People are different -- their cancers too. Therapy starts to get personal.

October 20, 2008|Shari Roan | Times Staff Writer
  • Six years ago, a vaccine designed specifically for musician Kevin Carlberg, shown with his daughter, helped him beat back an aggressive type of brain cancer.
Six years ago, a vaccine designed specifically for musician Kevin Carlberg,… (Jay L. Clendenin / Los Angeles…)

The one thing Kevin Carlberg refused to face after his diagnosis with brain cancer in 2002 was anyone's estimate for how long he might live.

His doctors and his family all knew the number: six to 18 months.

"I understand the averages," says Carlberg, a rock musician who had just released a CD and was two months from his wedding date when he was told he had the worst stage of the worst kind of brain cancer, glioblastoma. "But every person is different."

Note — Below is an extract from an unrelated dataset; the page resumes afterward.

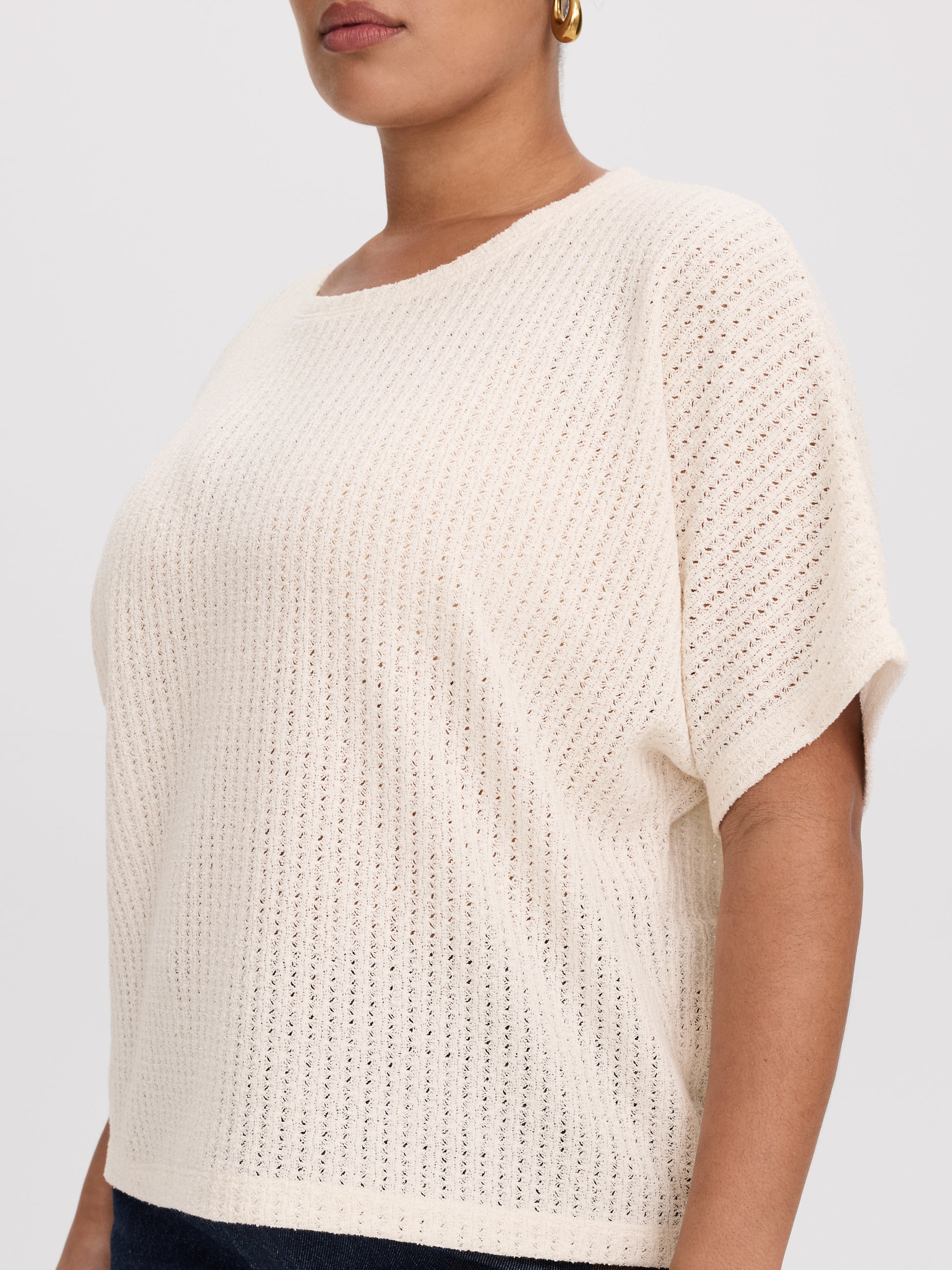 Short-Sleeve Crew-Neck T-Shirt with Pointelle Stitches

Those words could serve as the new mantra in medicine. After having his tumor removed and undergoing chemotherapy and radiation, he received a novel treatment that was designed using his own white blood cells and proteins taken from his tumor to prod his immune system into recognizing and attacking more cancer in his body. It's an example of a growing healthcare strategy known as personalized medicine.

In the traditional medical model, patients diagnosed with cancer in a particular organ receive the same medications -- usually chemotherapy -- delivered in an average dose. But some estimates suggest that as many as 70% of cancer patients don't respond to this standard approach. The treatment fails and then doctors go back to the drawing board.

Personalized medicine aims to minimize that one-size-fits-all approach by matching each patient to a specific treatment based on the genetic and molecular characteristics of that person's tumor. Doctors can use genetic information gleaned from the tumor itself to choose -- or avoid -- certain medications for that patient or, as in Carlberg's case, create a treatment specifically for that person.

Not so long ago, "most lung cancers were treated the same way; colon cancer the same way. Breast cancer was treated one of two ways," says Dr. Dennis Slamon, director of clinical and translational research at UCLA's Jonsson Comprehensive Cancer Center and a pioneer of personalized cancer care. "But that was as sophisticated as it got, and we had huge variations in patients' outcomes. That should have told us we were dealing with different diseases."

Personalized medicine is gaining momentum in many areas of treatment. But its greatest application may be in the complex field of cancer, says Dr. Robert Figlin, director of the City of Hope Comprehensive Cancer Center in Duarte.

"Cancer is a disease which has been misnamed," Figlin says. "It's not a disease. It's hundreds of diseases."


Molecular 'revolution'

Personalized medical care is a practical benefit from the Human Genome Project, the 13-year project, completed in 2003, that gave scientists a precision map of the genetic information of humans. Completion of the genome project allowed them to easily locate genetic differences between individuals, including gene variations that cause disease, as well as molecular changes that sometimes turn cells rogue.

"This revolution in molecular biology has translated to understanding . . . the reasons why cancer grows," says Dr. Roy S. Herbst, chief of the section of thoracic medical oncology at the M.D. Anderson Cancer Center in Houston.

For example, he says, in traditional practice, doctors removing a tumor send it to a lab to be categorized by size and shape.

But now in some cancers -- not yet all -- doctors can examine the tissue for specific genes and molecular processes that suggest the cause of a cancer, its potential to grow and what it might take to subdue it.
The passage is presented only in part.